Sorrel grew up during the 1970s, in a big Caribbean household in the north of England. One of two girls in a family with four boys, she learned early that not only was her vulva not to be looked at – it wasn’t even something she could name. “It was called a ‘munchie’,” she says. “We weren’t allowed to touch the munchie, we weren’t allowed to see the munchie, and we definitely weren’t allowed to speak about the munchie.”

In this, Sorrel and her munchie still aren’t alone. No matter what we call it, many women grow up with the sense that there’s something unspeakable “down there” – and it shows. A 2019 poll of the British public found that 45% of women couldn’t label the vagina. Another, in 2021, found that, regardless of sex, more than a third of the people surveyed couldn’t locate the clitoris. It’s not something exclusively British, either; in 2010, an advert by the tampon company Kotex was banned by three US television networks just for saying the word “vagina”, and a 2020 poll found that roughly half of US women couldn’t identify the cervix or the uterus.

Part of the reason for this confusion could simply be biology: the very nature of the female body means it requires effort to look at in detail. We need mirrors, torches, particular positions. It’s purposeful; you need intention. But the ready availability of all kinds of pornography has given more access to female bodies than ever before. What does that mean for how we feel about our own?

Almina told me that most of her friends had seen pornography by the age of 15 and, usually, it wasn’t by choice. She was 18 when we spoke, and still remembered being 12 and having boys message her pictures and videos from adult sites, telling her she should go on them. She was intrigued. “Everyone is saying: ‘Don’t go near it.’ I was just interested in what was going on – what sex looked like, what their bodies looked like and what they were doing.”

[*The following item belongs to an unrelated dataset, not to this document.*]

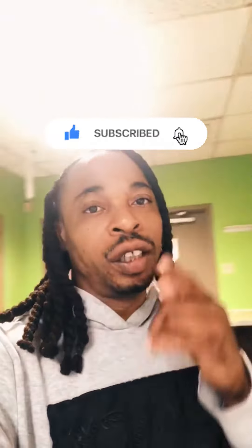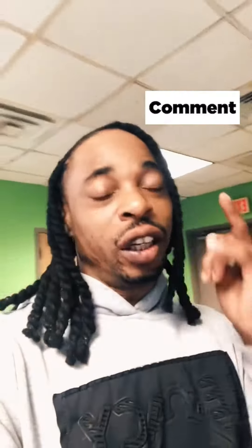What's good YouTube, giving you guys another cooking video. Today we cooking hot dogs. Make sure y'all like, hit that subscribe button, leave a comment for your boy. Stay tuned, go back and look at some of my videos I dropped. Today we got hot dogs.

This desire to use porn to understand not just sex but bodies created a real problem for Almina. And it wasn’t just because of the controversial ways in which porn depicts women: Almina is black, and all the bodies she saw were white, which left her feeling as though her body was wrong. “Most porn shows white women. I wasn’t watching porn with black women in it when I was growing up and developing,” she said. “I have stretch marks and strawberry legs [follicles or blocked pores that appear as black dots]; discoloration all over my body. Even my vulva area is darker than the rest of my body. When you watch porn, their entire body is one colour and looks perfect. I thought there was something wrong with me.”

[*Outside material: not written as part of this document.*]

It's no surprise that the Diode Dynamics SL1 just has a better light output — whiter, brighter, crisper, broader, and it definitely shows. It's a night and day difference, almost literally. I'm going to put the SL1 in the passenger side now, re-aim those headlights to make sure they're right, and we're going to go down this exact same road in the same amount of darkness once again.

Almina grew up in the age of the internet and the infinite supermarket of pornography it provides. The sheer volume of pornography made her feel even more like the odd one out. “No one clarifies what your body is supposed to look like, or what it does, or what sex is,” she told me. “And then you see that a video has 10m views and you think that if it has that many, that body must be desirable and that must be what sex should look like. Everyone says it’s not reality, but that doesn’t sink in because there’s nothing else to compare it to.”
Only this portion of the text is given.